Assignment on RPubs
Rmd on Github

Setup: Recreating the database

The database created for this assignment is called movies. A mysqldump of the database was taken from a MariaDB Server 5.5.64. However, the dump would be compatible with a MySQL server. To recreate the database, one would only need to create a new database CREATE DATABASE my_new_db (where my_new_db is the name of your desired database) with an account that has privileges to create databases and import the database scheme and data by executing the command mysql -u my_username -p my_new_db < movie.sql (where my_username is a user account that has privileges for my_new_db). This will recreate the database in my_new_db.
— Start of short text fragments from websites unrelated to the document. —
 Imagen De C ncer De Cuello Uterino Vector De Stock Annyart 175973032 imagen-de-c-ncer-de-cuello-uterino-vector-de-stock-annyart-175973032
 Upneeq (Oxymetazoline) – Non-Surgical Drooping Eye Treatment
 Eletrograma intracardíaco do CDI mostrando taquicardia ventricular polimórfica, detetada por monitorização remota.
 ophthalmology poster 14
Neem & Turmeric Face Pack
E-R Diagram: Movies Database

R MySQL Connection and Loading the Data

The following code calls the RMySQL library and creates a connection to a locally hosted MySQL database. After the connection is created, it loads the data into an R dataframe. If a moviegoer has not seen a movie, I stored the value as NULL on MySQL. When the data is imported into R, the NULL is listed as an NA.

library(RMySQL)
## Loading required package: DBI
db_user <- 'sslee'
db_password <- 'password#2020'
db_name <- 'movies'
db_host <- '192.168.148.128'
db_port <- 3306


mydb <- dbConnect(MySQL(), user = db_user, password = db_password, dbname = db_name, host = db_host, port = db_port)
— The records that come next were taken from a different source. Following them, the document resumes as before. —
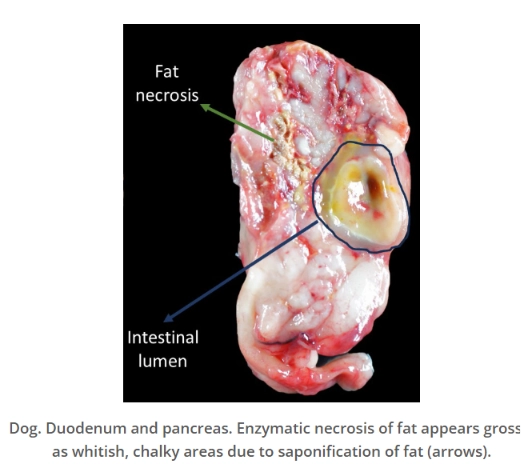 <ul><li><p>The death of fat cells.</p><ul><li><p>Stored fat breaks down into glycerol and fatty acids, which then react with minerals like calcium, potassium, or sodium to form soaps.</p><ul><li><p>A process called <strong>saponification</strong>.</p></li></ul></li></ul></li><li><p>Necrotic fat appears opaque, firm, and white.</p></li></ul><p></p>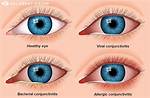 Is It Conjunctivitis or Something Else?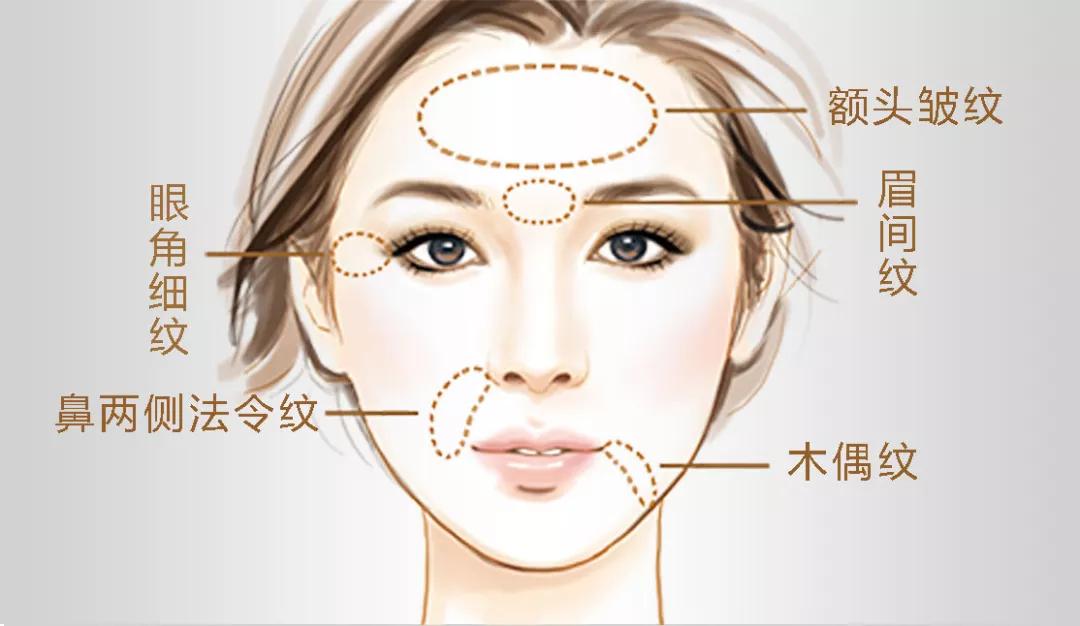 广州微整形：都市美容新潮流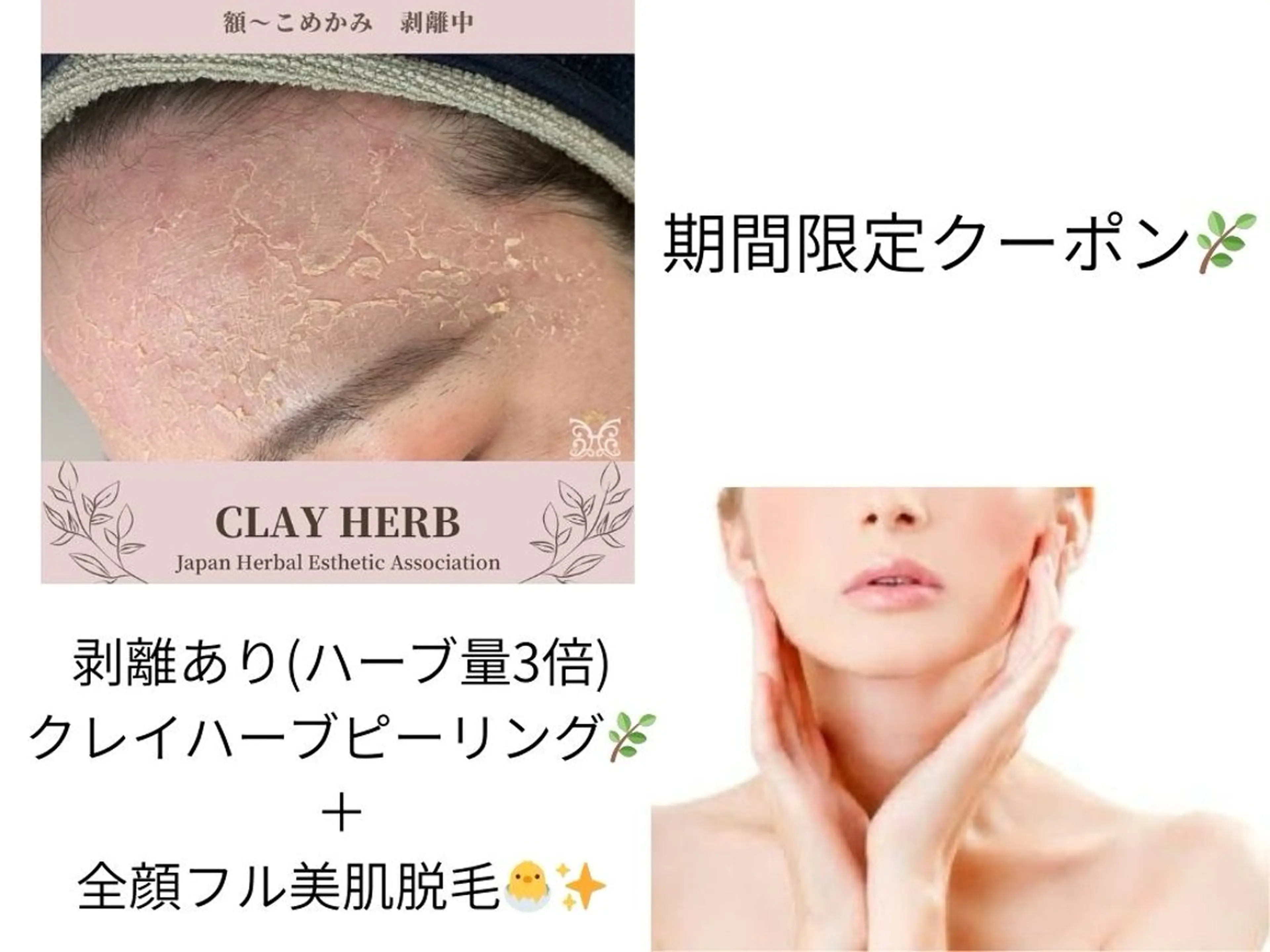 【9月限定】顔脱毛＋剥離ありクレイハーブピーリング　30,000円→26,000円の写真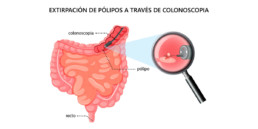 polipos colon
ratingsData <- dbGetQuery(mydb, 
                          "SELECT A.userId, A.review, B.movieTitle 
                           FROM Movie AS B RIGHT JOIN Review AS A 
                           ON A.movieId = B.movieId"
                          )

ratingsData

Visualization of the Reviews

library(ggplot2)

qplot(review, movieTitle, data = ratingsData, facets = ~userId)
## Warning: Removed 13 rows containing missing values (geom_point).
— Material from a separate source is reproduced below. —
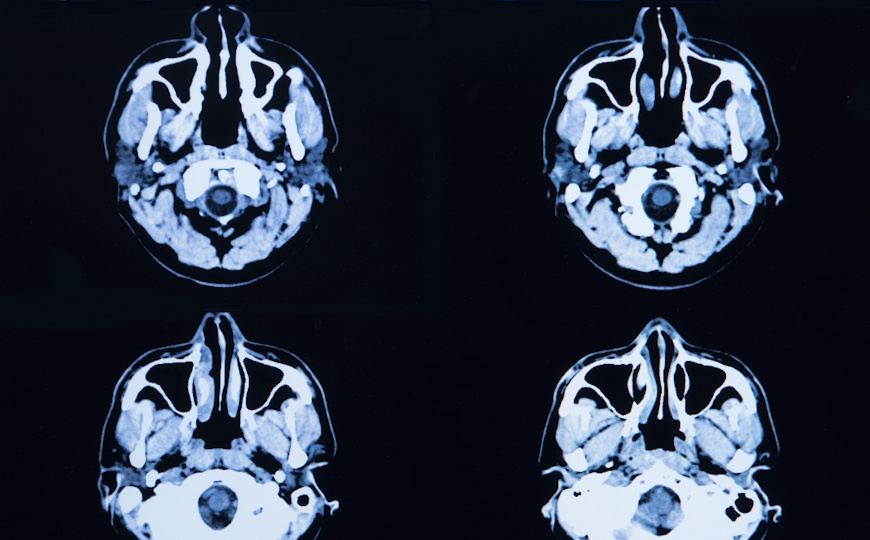 Женщины быстрее накапливают тау-белок при α-синуклеинопатии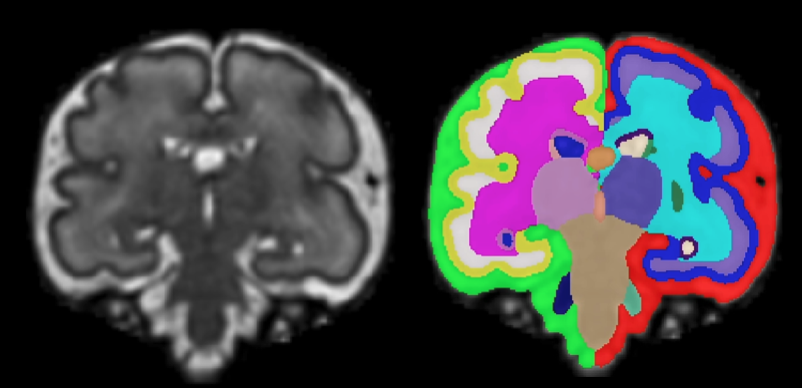 Fetal brain transient segmentation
ggplot(ratingsData, aes(x=movieTitle, y=review)) + 
  geom_bar(stat = "identity") +
  coord_flip()
## Warning: Removed 13 rows containing missing values (position_stack).

Final Observations

The NA data did throw warnings in functions when analyzing the movie review dataframe. Overall, the individuals I surveyed rarely had a chance or demonstrated interest in watching all of the movies listed. I can only conjecture that the population surveyed did not watch all of the movies because of lack of time, lack of interest, or were not interested in watching movies in theaters.